De fato, jamais imaginaria minha vida a longo prazo, nem mesmo em 2-3 anos!! É por isso que nunca faço planos!! Nunca fui muito imaginativa, não com o pé no chão, pelo menos. Prefiro ir tropeçando nas surpresas boas e levantando dos tombos, deixando o curso ter seu rumo. E, ás vezes, não é que coisas boas caem de paraquedas?? 😉
E as ambições? Onde ficam?! Plano também não é uma ambição? 😉
Ambições tenho muitas (algumas apenas alcançáveis pela imaginação) e planos (in)falíveis para elas também. Mas não me apego ferrenhamente, pois nunca se sabe o que pode acontecer, as ideias e vontades mudam, oportunidades surgem e caminhos entortam: hoje, tenho ao menos 4 planos ambiciosos para os meus próximos 3 anos, e se um quinto surgir pelo meio, bem, porque não?
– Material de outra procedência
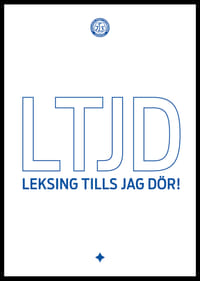 LTJD - Leksings Tills Jag Dör Leksands IF Vit-0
Sempre que eu penso nessa pergunta eu quero responder: “não estar endoidecidamente entediada”. Se eu de fato fizesse um plano que sobrevivesse por 5 anos, eu estaria completamente entediada. Eu invejo essas pessoas que fazem o plano, seguem o plano, e ainda gostam disso. Mas pra mim é a idéia mais entediante que eu consigo pensar. Eu posso contar o plano que eu tenho hoje, mas eu já tive no mínimo umas 50 respostas diferentes pra essa pergunta e nem 25 anos eu tenho. E é isso. Eu me joguei de cabeça e com um amor louco em várias das minhas grandes idéias e planos. E felizmente, mudaram. O processo é melhor que o resultado. Eu amo mais a sensação de querer chegar em algum lugar do que de fato estar lá. Mas acho que o RH não ia agarrar a idéia né?
Gabi, tudo bom?
Seja convincente que eles compram sim. Gostam de pessoas que acreditam em si mesmas – menos, é claro, quando a pessoa acredita ser Napoleão.
que texto lindo 🙂
estas colunas ( e principalmente os e as colunistas), estão cada vez melhores em lucidez e beleza, o lado ruim é que eu em geral acabo de ler o texto e depois de uma hora ainda estou sem palavras …
enfim parabéns felippe ^^
quanto a planejamento eu semre planejo, mas estou mais expert em atropelar planos em metas que cumprir eles rsrrsrsrs a exceção do que planejo e cumpro são só os livros do que pretendo ler
Oi GIlberto, muito obrigado pelos elogios a nossa equipe.
Eu não gosto de fazer metas, elas sempre me deixam pra trás.